Neue Details zum NSA-Lauschprogramm enthüllt

[heise.de] Russel Tice, früherer Mitarbeiter der National Security Agency (NSA), hat im US-Sender MSNBC die Öffentlichkeit Mitte der Woche über weitere Einzelheiten des umstrittenen Abhörprogramms der Bush-Regierung aufgeklärt.
Demnach hatte beziehungsweise hat der technische Geheimdienst Zugang zu
sämtlicher elektronischer Kommunikation aller US-Bürger.
Telefongespräche, Faxe, E-Mails und andere computervermittelte
Nachrichten würden prinzipiell rund um die Uhr 365 Tage im Jahr
überwacht. Es sei zwar auch für die großen und leistungsstarken
Rechnersysteme der NSA nicht möglich, alle dabei anfallenden Daten
längere Zeit aufzubewahren. Aus dem Netz seien aber die kompletten
Kommunikationsströme einzelner Organisationen wie insbesondere von
Fernsehsendern oder Verlagen herausgefischt und in umfangreichen
Datenbanken gespeichert worden.

Auf die Frage, ob etwa die E-Mails aller Reporter der New York Times
aufgezeichnet und archiviert würden, entgegnete Tice, dass bei einer
von dem Lauschprogramm anvisierten Einrichtung tatsächlich die gesamte
aufnehmbare Kommunikation erfasst worden sei. Selbst Kreditkartendaten
und andere Zahlungsinformationen seien mit gespeichert worden, legte
der bereits 2005 und 2006 als Whistleblower in Erscheinung getretene Ex-Spion in einem zweiten Interview am gestrigen Donnerstag nach.
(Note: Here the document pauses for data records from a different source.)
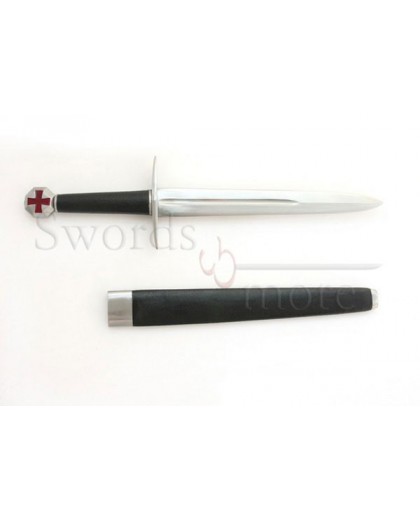 Knights Templar Crusader Dagger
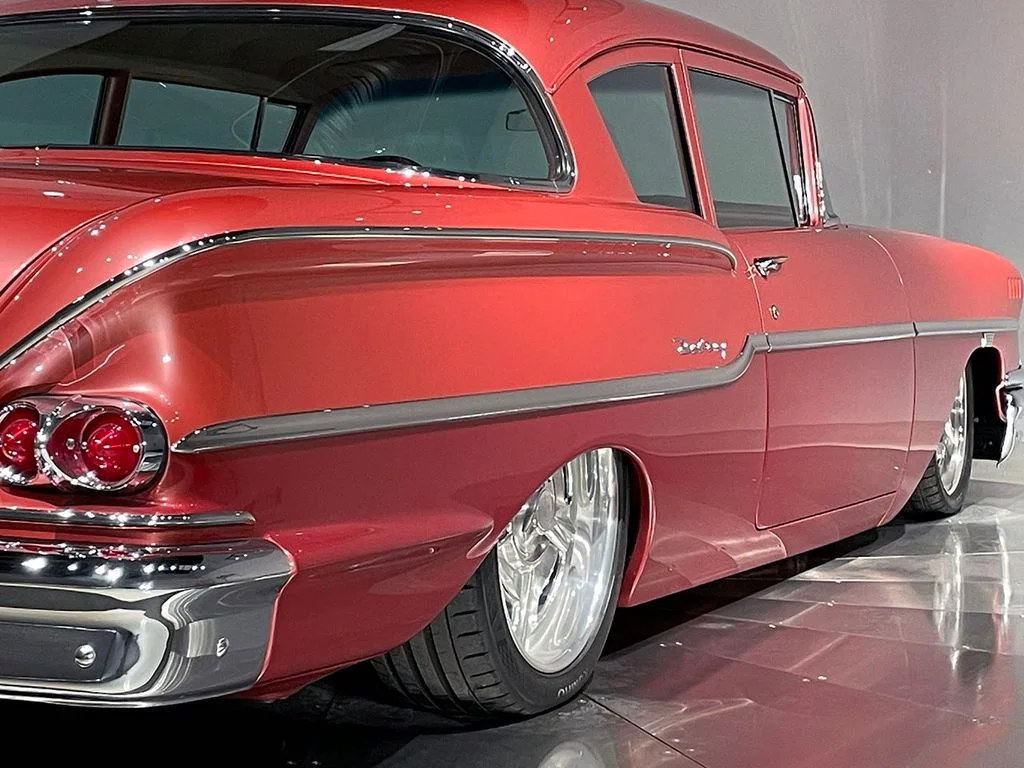 Used 1958  Chevrolet  image 39
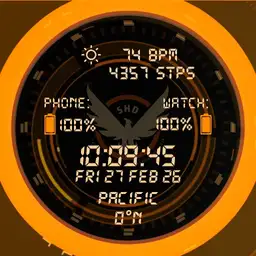 The Division SHD Tech V2
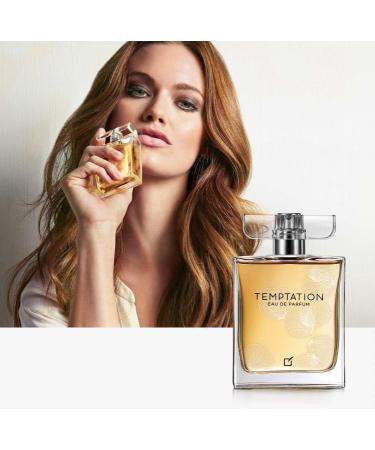 Yanbal Temptation Eau De Parfum - Buy Online on SooperMarket.com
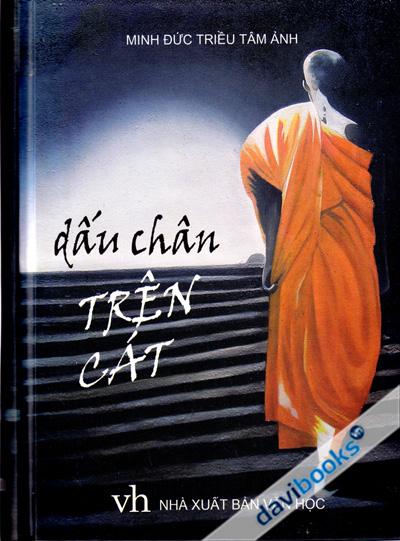 Dấu Chân Trên Cát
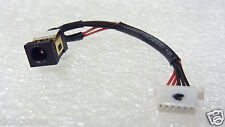 DC Power Jack Harness Cable Connector For Samsung NP300U1A-A01US NP305U1A-A02US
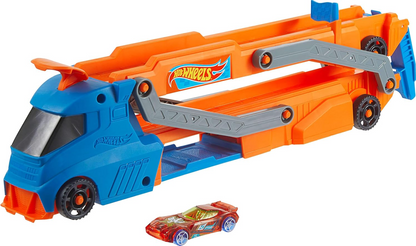 Hot Wheels City Speed Track Transporter 30"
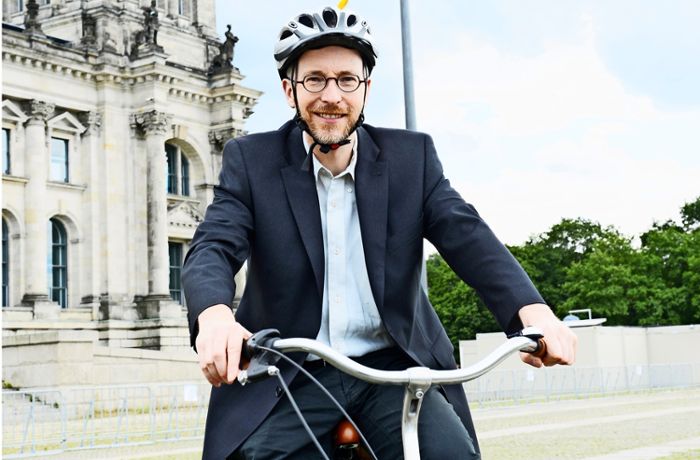 Bundespolitiker über E-Mobilität: „Wir brauchen eine Verkehrswende“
Auch die Kommunikation zehntausender völlig unverdächtiger US-Bürger
ist laut Tice mit in die Datenberge gewandert. Dazu habe es etwa schon
gereicht, ein vergleichsweise kurzes Telefongespräch zu führen, da auch
Terroristen bei Anschlagsvorbereitungen nur in ein oder zwei Minuten
das Nötigste austauschen würden. Die im Raster hängen gebliebenen Bits
und Bytes seien mithilfe von Data-Mining-Verfahren durchforstet worden.
Die Idee dahinter sei gewesen, im Falle eines potenziellen Terroristen
rückverfolgen zu können, ob er etwa ein Flugticket oder andere Sachen
gekauft habe. Die Ursprünge dieser Datensammelwut sieht der von der NSA
entlassene ehemalige Staatsangestellte im "Total Information
Awareness"-Konzept aus dem Pentagon. Dieses Programm stoppte der
US-Kongress 2003 offiziell, es soll aber in verschiedenen Varianten
weitergeführt worden sein. Ob der Geheimdienst nach wie vor diese Form
der Rundum-Beschattung durchführt, wusste Tice nicht zu sagen.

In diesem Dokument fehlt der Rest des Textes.